We've got a process that's importing a 7gig / 334 million row data file. The data file is sorted on the first column
The process is built on the "import first, index later" methodology. It uses BCP.
As written, it takes about 23 minutes to load the data, and about 45 minutes to create 2 indexes on the 334 million rows.
I tried the following things to speed things up: Add TABLOCK hint to bcp - cuts the load to 15 minutes Use BULK INSERT w/ TABLOCK hint - cuts the load to 10 minutes.
All the above are with a batch size of 5000
The thing that puzzled me is that I tried to leverage the sorted order of the input to get some of the work done up front.

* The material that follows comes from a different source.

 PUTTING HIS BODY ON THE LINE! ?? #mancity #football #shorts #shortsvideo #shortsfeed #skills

I added a clustered primary key on the file sort order and added an ORDER() hint on both the bcp and BULK INSERT loads - and I got only minimal to no gains.

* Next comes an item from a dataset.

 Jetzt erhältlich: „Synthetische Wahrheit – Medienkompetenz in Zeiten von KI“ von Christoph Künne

When I was building that index separately it was about 22.5 minutes.
Adding the ORDER() hint with a clustered primary key declared at the beginning just moved that 22.5 minutes to the load instead of an after step.
Shouldn't the sorted nature of the file have produced some more efficiencies?
EDIT: I added trace flag 610 the BULK INSERT statement after noticing the line in the performance guide about BATCHSIZE != 0 would only be minimally logged for the first batch.
Loading with a clustered primary key to an empty table with BATCH=5000,TABLOCK,ORDER(1) and trace flag 610 took 19 minutes, compared to (10 + 22.5) for loading and indexing separately.
So that was a nice improvement but not "similar performance" as the performance guide indicated.